Por fim, o relatório traz instruções para a portabilidade de carências.

Como extrair esse relatório no site da agência?

O relatório de compatibilidade tem validade de 5 dias após a emissão.

Para obter o seu, siga nosso passo a passo ou, se preferir, acesse este tutorial criado pela Agência.

  1. Comece clicando nesta página para acessar o Guia ANS de Planos de Saúde e selecione a área de Portabilidade de Carências
  2. Em seguida, preencha os campos solicitados com seu CPF e data de nascimento. Se estiver consultando as opções para um dependente menor de idade, informe o CPF do titular e a data de nascimento da criança ou adolescente. Caso o plano esteja apenas em nome do menor, informe que o beneficiário não tem CPF
  3. Na página seguinte, o sistema vai mostrar os planos de saúde que o beneficiário possui. Selecione qual deles servirá para a portabilidade e clique em “Próximo”
  4. Você verá informações sobre seu convênio atual, como o nome da operadora e número de registro. Vá até a caixa abaixo e escolha um motivo para a troca de plano
  5. Responda às questões sobre a data de adesão, local de contratação e se você cumpriu cobertura parcial temporária por doença ou lesão preexistente
  6. Informe o valor da mensalidade paga atualmente e vá para a próxima página
  7. Usando os dados informados, o sistema vai analisar se você está apto a fazer a portabilidade. Se não estiver, uma mensagem será exibida, explicando o motivo
  8. Se estiver apto, escolha as características do plano que deseja adquirir: se é individual ou coletivo, qual a segmentação assistencial, abrangência, acomodação e se quer um produto com coparticipação. Você pode, ou não, definir uma faixa de preço
  9. Depois, surgirão opções de planos compatíveis com o seu. É possível comparar até dois deles com o plano de origem, ou selecionar o mais adequado. Na comparação entre planos, as informações aparecem numa tabela com estabelecimentos credenciados, valores das mensalidades e outros dados
  10. Em seguida, é só selecionar um plano e clicar em “imprimir” para receber instruções
  11. Clique no botão no fim da página para gerar o protocolo da consulta, anotando o número. O sistema ainda permite que você imprima o relatório de compatibilidade.
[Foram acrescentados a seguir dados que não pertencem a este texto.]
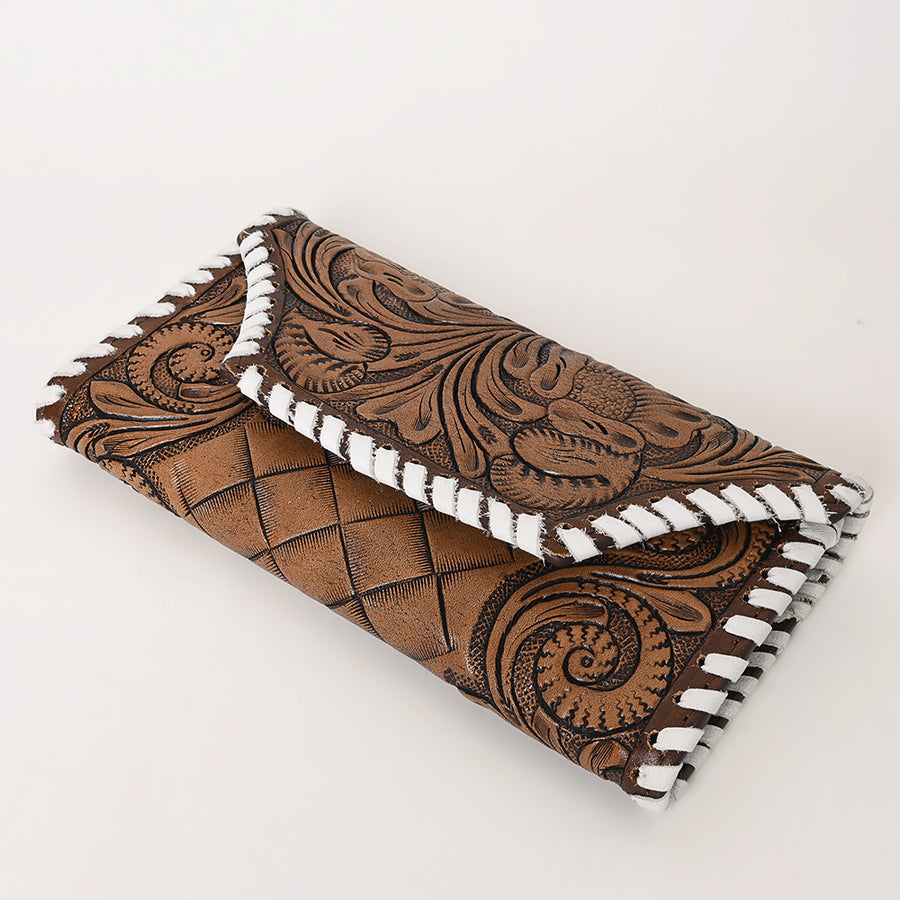 OHLAY Wallet Hand Tooled Genuine Leather Women Bag Western Handbag Purse | Womens Handbags |Leather Belt for Summer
Qual a documentação necessária para fazer a portabilidade?

Reúna os seguintes documentos:

  • Comprovante de pagamento das 3 últimas mensalidades ou declaração de adimplência da operadora de seu plano de origem
  • Proposta de adesão ao convênio atual, ou contrato, ou carta de permanência disponibilizada pela operadora atual
  • Relatório de compatibilidade entre os planos de origem e destino. Também pode ser o número de protocolo emitido via Guia ANS de Planos de Saúde
  • Documentos que comprovem a aptidão para uma nova modalidade. São necessários quando o cliente troca um plano individual por coletivo, por exemplo.

Você deve apresentar esses documentos para a operadora do plano de destino e aguardar pela análise da proposta por até 10 dias. Se não tiver resposta, a proposta é considerada aceita e você deverá cancelar o plano atual no prazo de 5 dias.
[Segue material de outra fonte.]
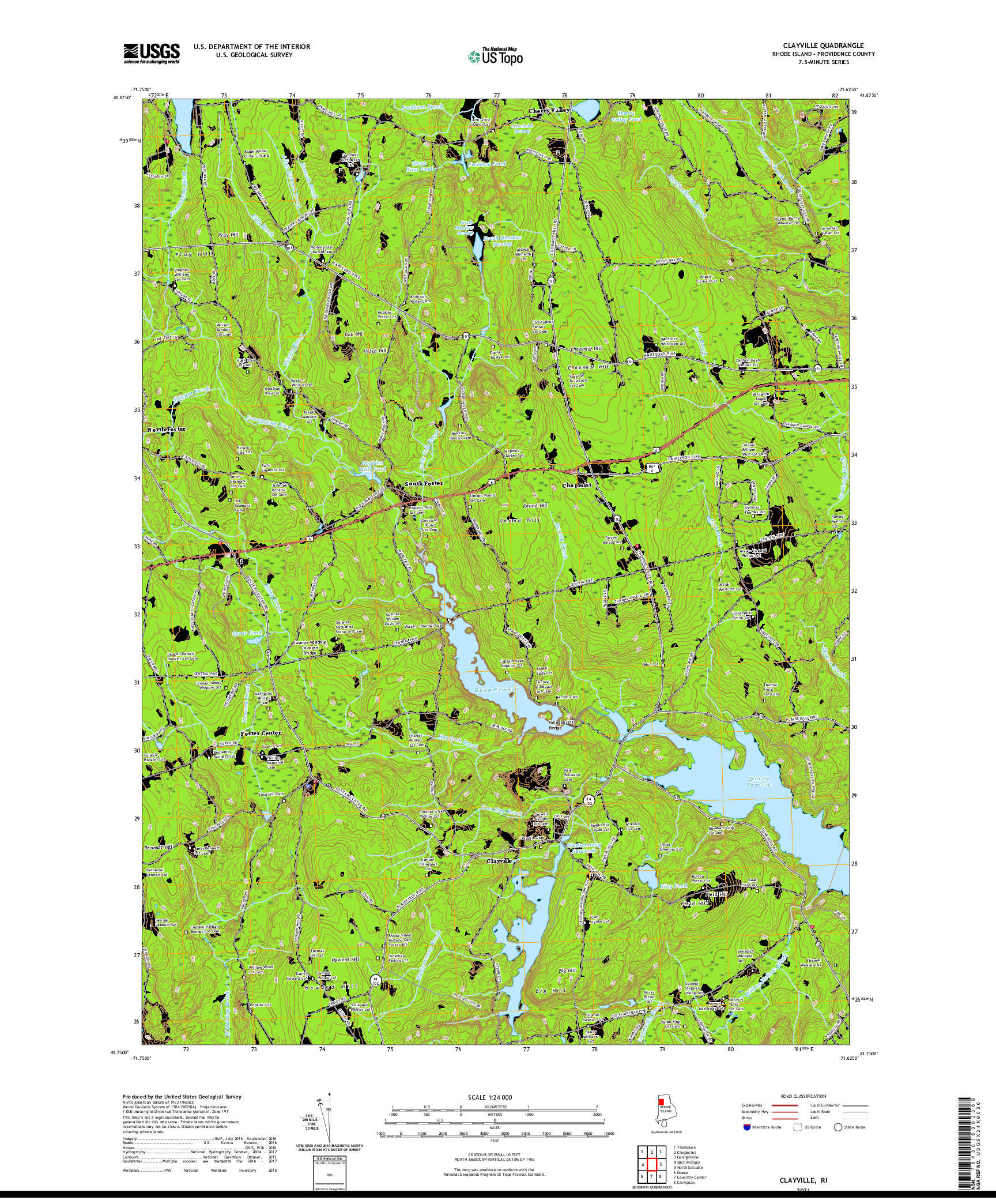 USGS US TOPO 7.5-MINUTE MAP FOR CLAYVILLE, RI 2021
Ao que mais devo me atentar para fazer minha portabilidade?

Além da documentação, vale observar se você atende aos requisitos para a portabilidade de carências.
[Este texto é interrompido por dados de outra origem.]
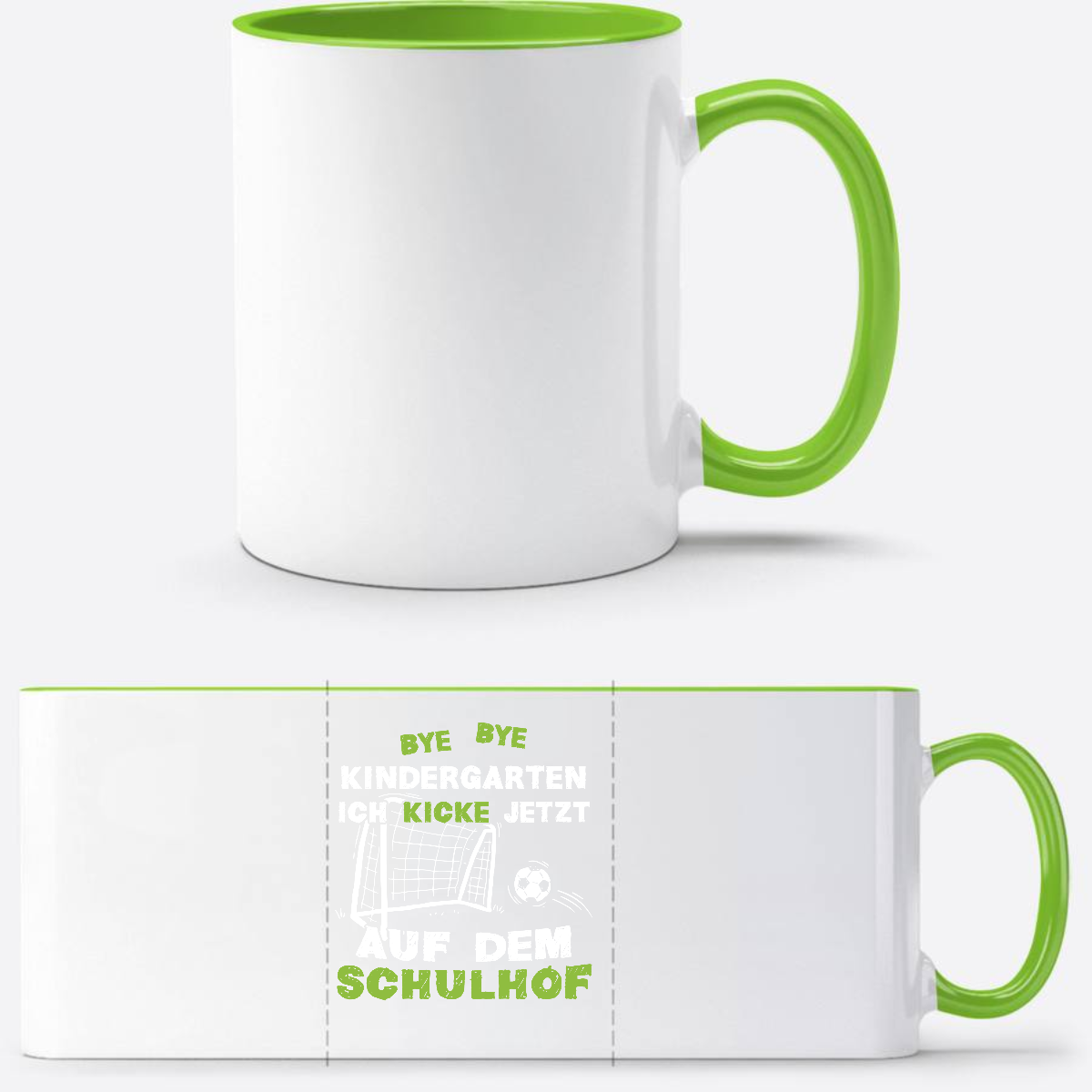 Tasse Einschulung: Bye Bye Kindergarten Fußball mit Name - Weiß/Grün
O primeiro é ter um plano contratado a partir de 2 de janeiro de 1999 que esteja ativo.

Garanta também que todas as mensalidades estejam em dia e que você tenha cumprido o tempo mínimo de permanência no plano de origem, que é de:

  • Pelo menos 2 anos, se estiver fazendo a portabilidade pela primeira vez. Esse prazo sobe para 3 anos caso tenha cumprido Cobertura Parcial Temporária (CPT)
  • Pelo menos 1 ano, se quiser trocar de convênio por mais vezes.